Cartman inherits a motorcycle when he is twenty and his uncle dies in a bad highway accident. Cartman complains loudly about all the repairs that have to be done before the bike will be in driving condition; he complains to Kenny while Kenny works on it, and gives him a running commentary on the motorized world.

"And why should the handicapped get all the good parking spaces? They're a drain on society. They should all be euthanized. With hammers."

"You're a fucking horrible person," Kenny grunts, pushing his bangs out of his face and leaving streaks of grease in his hair. "I don't know why I hang out with you."

Cartman does. At age twenty, everyone who is going to leave South Park, has left. Cartman and Kenny, neither of whom have the means to get out, have been left behind.

o o o

Riding a motorcycle around a small town gets old, fast. It is not long before Cartman has exhausted every creative option, including riding through the playground on a Saturday morning. Cartman knows it's bad when the sound of children screaming doesn't cheer him up.

Cartman plans his 21st birthday road trip without consulting either Kenny or a map. He just guns his engine outside Kenny's window until Kenny comes down, and then he tells him he's going to Vegas with him to help him cheat at blackjack—"Because all poor people are born with the ability to count cards."

"Cartman, you don't even know how to get to Las Vegas."

"Kenny, everyone knows that all roads lead to Vegas."

"That's Rome, dickhole."

"There aren't any roads over the ocean, dumbass."

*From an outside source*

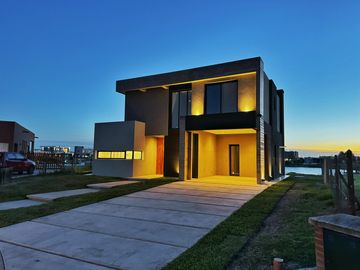 VENTA CASA 5 AMBIENTES A LA LAGUNA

Predictably, they get lost. They stop at a rest stop and Cartman bullies Kenny into a game of I Spy; he makes Kenny guess which of the dozens of cows is the "something black and white" for twenty minutes before he taps his black and white coffee cup.

o o o

Cartman refuses to go home without getting completely shitfaced, because it is his 21st birthday and this is America. He and Kenny purchase substantial quantities of alcohol and a hotel room and start drinking. Kenny gets drunk enough to confess that Cartman was the first friend he had and now he's the last friend he has and maybe that's why..., and then he gets drunker. Drunk enough to kiss Cartman, then drunk enough to fumble for his zipper and give him a shoddy blow job.

Cartman rolls over when he's done and Kenny stares at his back, breathing unevenly, mouth wet, and it sinks in that Cartman, in true Cartman-fashion, got what he wanted and wasn't about to give anything back. "You're a fucking horrible person. I don't know why..." Kenny goes into the bathroom and Cartman can hear him jerking off.

After years of wondering, Cartman has finally decided what Kenny is: a malfunctioning machine. Cartman has long held the belief that all other people are automatons and that he alone is a thinking, feeling being. Cartman looks at the sparse black people in South Park and sees out of date farm equipment; the numerous local prostitutes around town are like the old 25¢ kiddie rides in front of grocery stores. There must be a glitch in Kenny's program, Cartman reasons, because that is the only way someone would love a person like him.